On Fri, 26 May 2000, you wrote:
Well, a post in html doesn't help matters. Many people on this list cannot
read it on their mail clients. Some people have filters to throw it away. For
example, I found your mail in my trash bin, purely by accident.
XFree86 3.3.6 should work with your intel 810. Please realize that the 810 is
not very good hardware and has presented problems for all linux distros.
XFree86 version 4 is still an experimentally supported thing in this version,
and bug reports for 3.3.6 will receive attention while 4.0 will probably
receive attention in future distributions. I strongly recommend use of 3.3.6
until 4.0 matures a bit more.
You could try SuSE or Debian. I doubt if you will find the results much
better. The 810 is a problematic chipset, and you may know that intel has
recalled the 820 boards altogether and that RESPONSIBLE resellers offer memory
specifically certified for the 810 because quite a lot of the SDRAM DIMM memory
out there will not work with the 810. I built a few 810 Chipset computers,
installed windows 98 for my customers, and gave them a warranty that covered
ONLY windows use, for a bargain price--my cost, just to get rid of them. I
also warned my customers about the deficiencies and shortcomings of the
technology employed in those computers. I won't be building any more of them.
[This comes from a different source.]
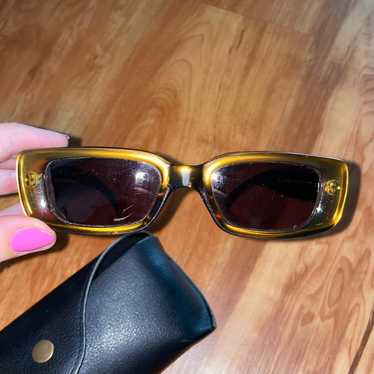 Vintage Gucci Sunglasses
What you are using is a Beta version.... Which means that your bug report was
seen and will be given attention before the final release. Sending an
acknowledgement for bugs is not always done.... It would be wasteful of
bandwidth.
Actually your English is understandable and you have no need to apologize for
it. Your expectations of the distribution seem to be quite a bit more advanced
along the "bleeding edge" than the distribution is.
So, try 3.3.6 for XFree86 and most of your problems should disappear. The
partitioning errors I have seen myself and come from duplicate mount names more
frequently than anything else, though a more graceful way of handling that
error is desirable..... It is important to assure that each partition has its
own mount point (except for swap partitions).